Publishing Your Package In A Community Repository: PyPI or Anaconda.org#

pyOpenSci requires that your package has an distribution that can be installed from a public community repository such as PyPI or a conda channel such as bioconda or conda-forge on Anaconda.org.

Below you will learn more about the various publishing options for your Python package.

Take Aways

  • Installing packages in the same environment using both pip and conda can lead to package conflicts.

  • To minimize conflicts for users who may be using conda (or pip) to manage local environments, consider publishing your package to both PyPI and the conda-forge channel on Anaconda.org.

Below you will learn more specifics about the differences between PyPI and conda publishing of your Python package.

Image showing the progression of creating a Python package, building it and then publishing to PyPI and conda-forge. You take your code and turn it into distribution files (sdist and wheel) that PyPI accepts. Then there is an arrow towards the PyPI repository where ou publish both distributions. From PyPI if you create a conda-forge recipe you can then publish to conda-forge.

Once you have published both package distributions (the source distribution and the wheel) to PyPI, you can then publish to conda-forge. The conda-forge requires a source distribution on PyPI in order to build your package on conda-forge. You do not need to rebuild your package to publish to conda-forge.#

What is PyPI#

PyPI is an online Python package repository that you can use to both find and install and publish your Python package. There is also a test PyPI repository where you can test publishing your package prior to the final publication on PyPI.

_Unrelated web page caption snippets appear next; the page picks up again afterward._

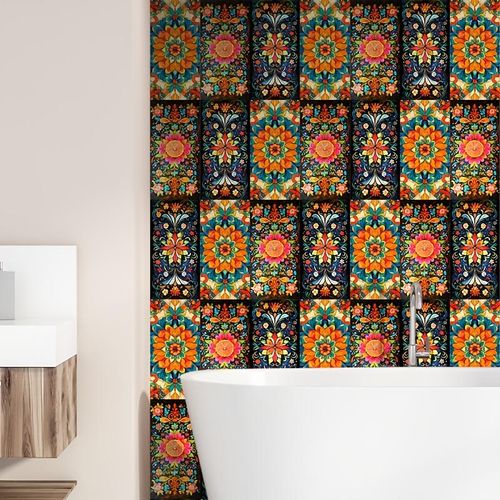 product_image_name-Generic-24pcs Autocollants de Carreaux Mandala - Auto-adhésifs, Étanches & Amovibles pour Salle de Bain, Cuisine & Décoration Maison   Design Floral Vintage-4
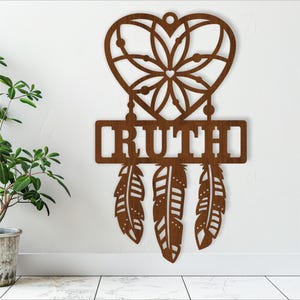 Heart Dreamcatcher Name Sign SVG: Laser Cut Template (Digital Download)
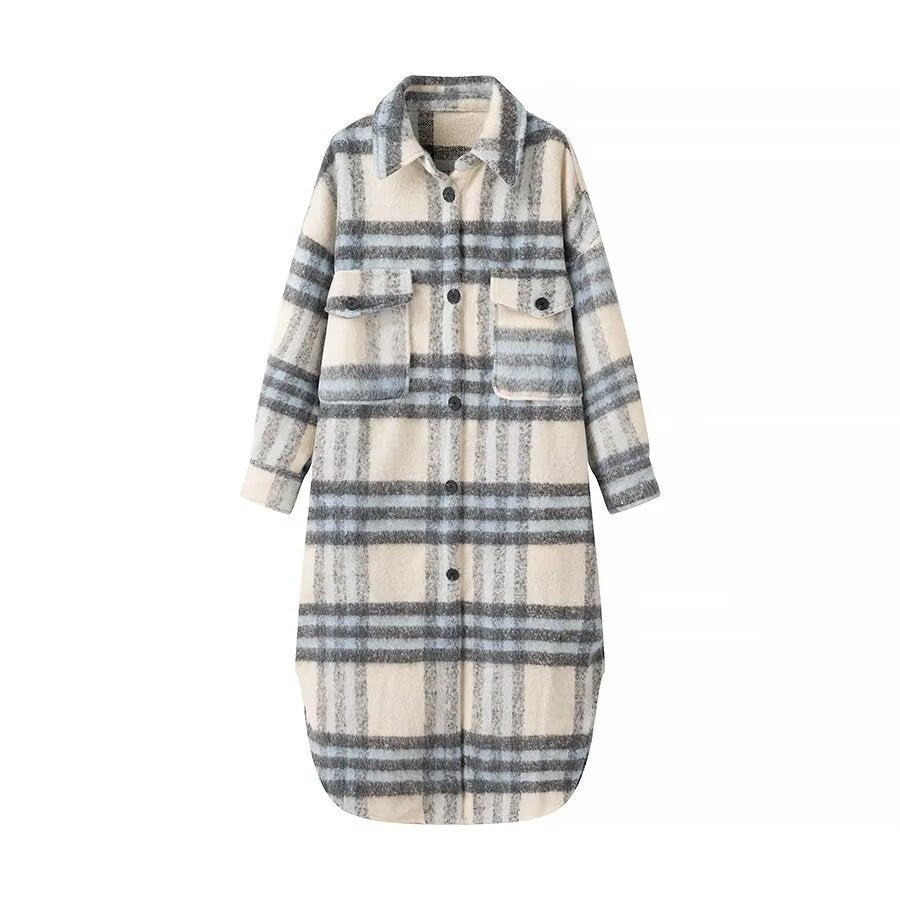 Damen Oversize-Hemdkleid-Mantel aus Wollmix mit Karomuster Shop Nory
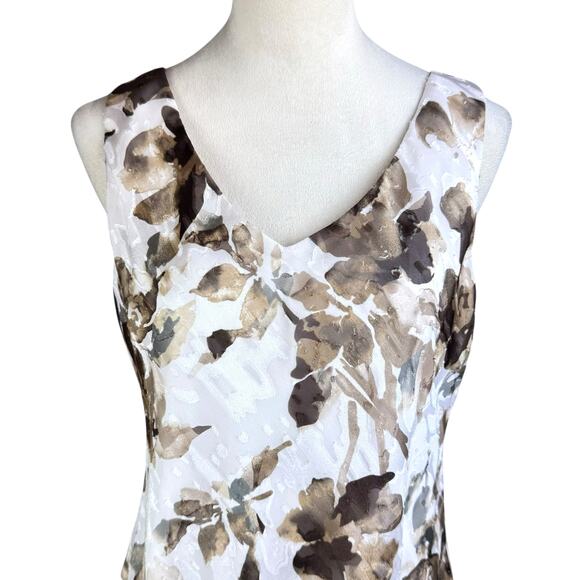 Alex Evenings Brown and White Watercolor Floral Tank Top and Jacket Set - Picture 12 of 16
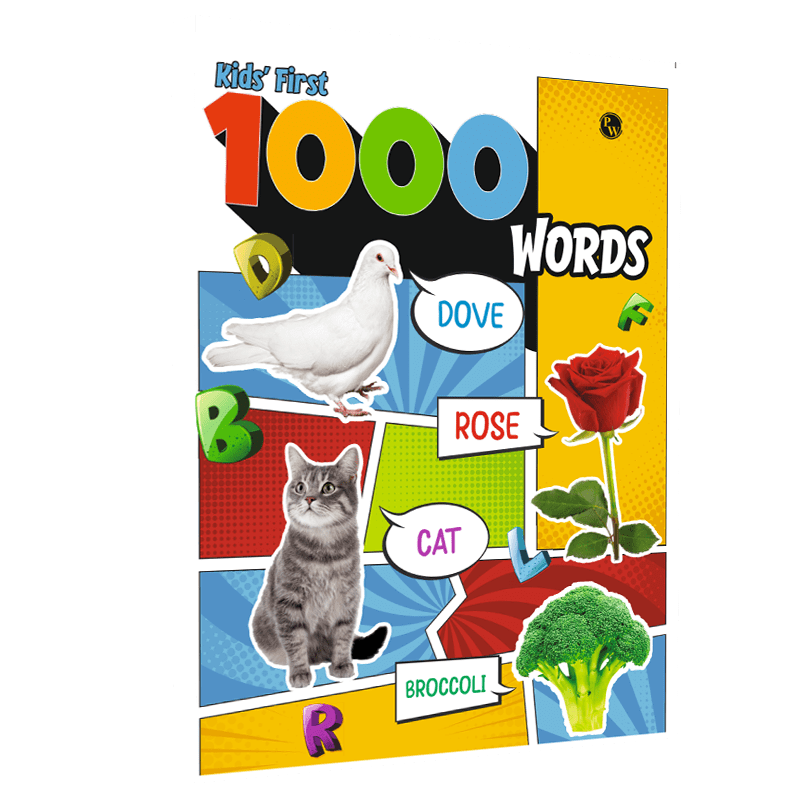 Kids First 1000 Words Book l 50 Topics with Engaging Picture Book for Early Learners and  Children Ages 1, 2, 3, 4, 5, 6 Years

Many if not most Python packages can be found on PyPI and are thus installable using pip.

The biggest different between using pip and conda to install a package is that conda can install any package regardless of the language(s) that it is written in. Whereas pip can only install Python packages.

Click here for a tutorial on publishing your package to PyPI.

Tip

On the package build page, we discussed the two package distribution types that you will create when making a Python package: SDist (packaged as a .tar.gz or .zip) and Wheel (.whl) which is really a zip file. Both of those file “bundles” will be published on PyPI when you use a standard build tool to build your package.

What is conda and Anaconda.org?#

conda is an open source package and environment management tool. conda can be used to install tools from the Anaconda repository.

Anaconda.org contains public and private repositories for packages. These repositories are known as channels (discussed below).

A brief history of conda’s evolution

The conda ecosystem evolved years ago to provide support for, and simplify the process of, managing software dependencies in scientific Python projects.

Many of the core scientific Python projects depend upon or wrap around tools and extensions that are written in other languages, such as C++. In the early stages of the scientific ecosystem’s development, these non-Python extensions and tools were not well supported on PyPI, making publication difficult. In recent years there is more support for complex builds that allow developers to bundle non-Python code into a Python distribution using the wheel distribution format.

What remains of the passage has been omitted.